- Srobotnik pri Velikih Laščah Location in Slovenia
- Coordinates: 45°49′32.87″N 14°38′48.1″E﻿ / ﻿45.8257972°N 14.646694°E
- Country: Slovenia
- Traditional region: Lower Carniola
- Statistical region: Central Slovenia
- Municipality: Velike Lašče

Area
- • Total: 0.4 km^{2} (0.2 sq mi)
- Elevation: 569.1 m (1,867.1 ft)

Population (2002)
- • Total: 49

= Srobotnik pri Velikih Laščah =

Srobotnik pri Velikih Laščah (/sl/) is a small village southeast of Velike Lašče in central Slovenia. The entire Municipality of Velike Lašče is part of the traditional region of Lower Carniola and is now included in the Central Slovenia Statistical Region.

==Name==
The name of the settlement was changed from Srobotnik to Srobotnik pri Velikih Laščah in 1953.

==Church==
The local church, built on a small hill northwest of the main settlement, is dedicated to Saint Roch and belongs to the Parish of Velike Lašče.

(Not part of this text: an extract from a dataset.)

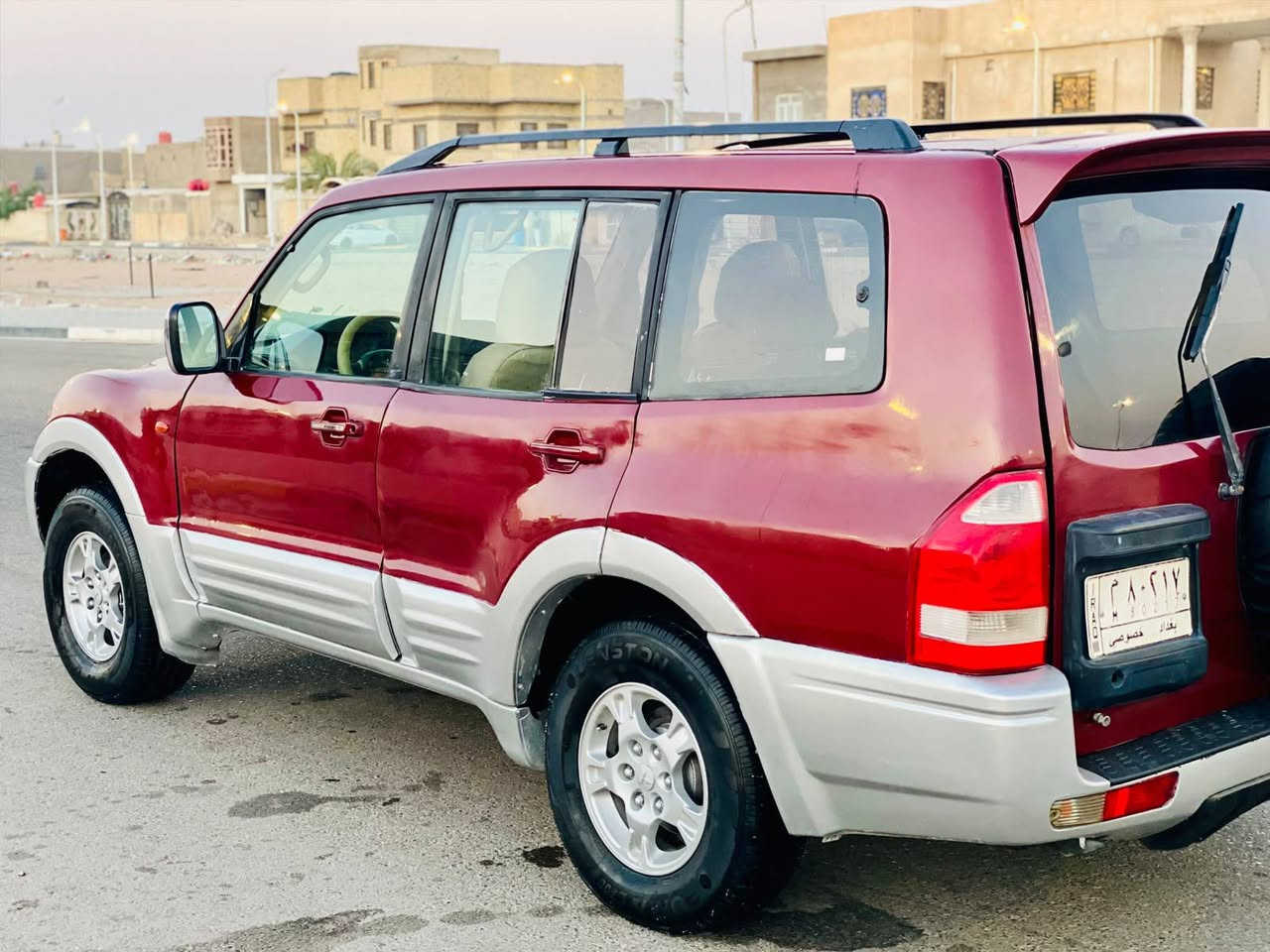 السلام عليكم للبيع باجيرو موديل 2002 رقم بغداد تحويل ثاني يوم سياره مكفوله من الكصه والنقل والضربه والكلبه والعيب الشرعي مكينه وكير اوتماتيك فيفيتي  حداده طخم تاير ويلكب جدد سياره جاهزه وجديده السعر63.الاستفسار الرقم.***********مكان السياره البصره
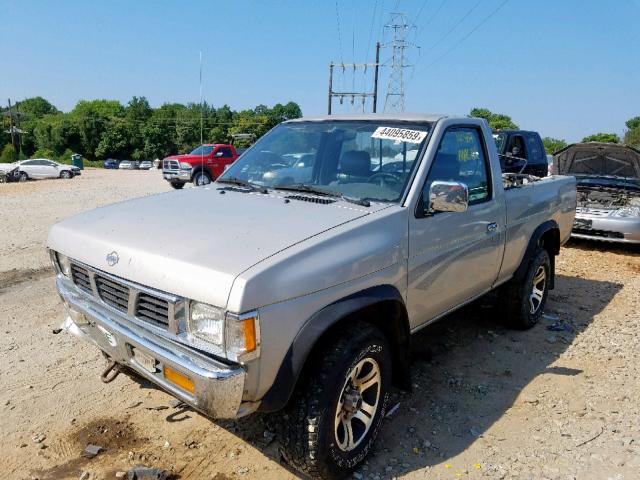 1N6SD11Y5TC332376 - 1996 NISSAN TRUCK XE SILVER photo 2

It was commissioned in 1624 by the owner of Ortnek Castle Krištof Moškon (Count Mosconi). It was rebuilt in 1731 and again in 1875. During the Second World War, it was targeted by Partisan mortars on 28 February 1944. During the attack, the main altar was burned, together with a painting by Anton Postl from 1770. The church was restored in the 1970s.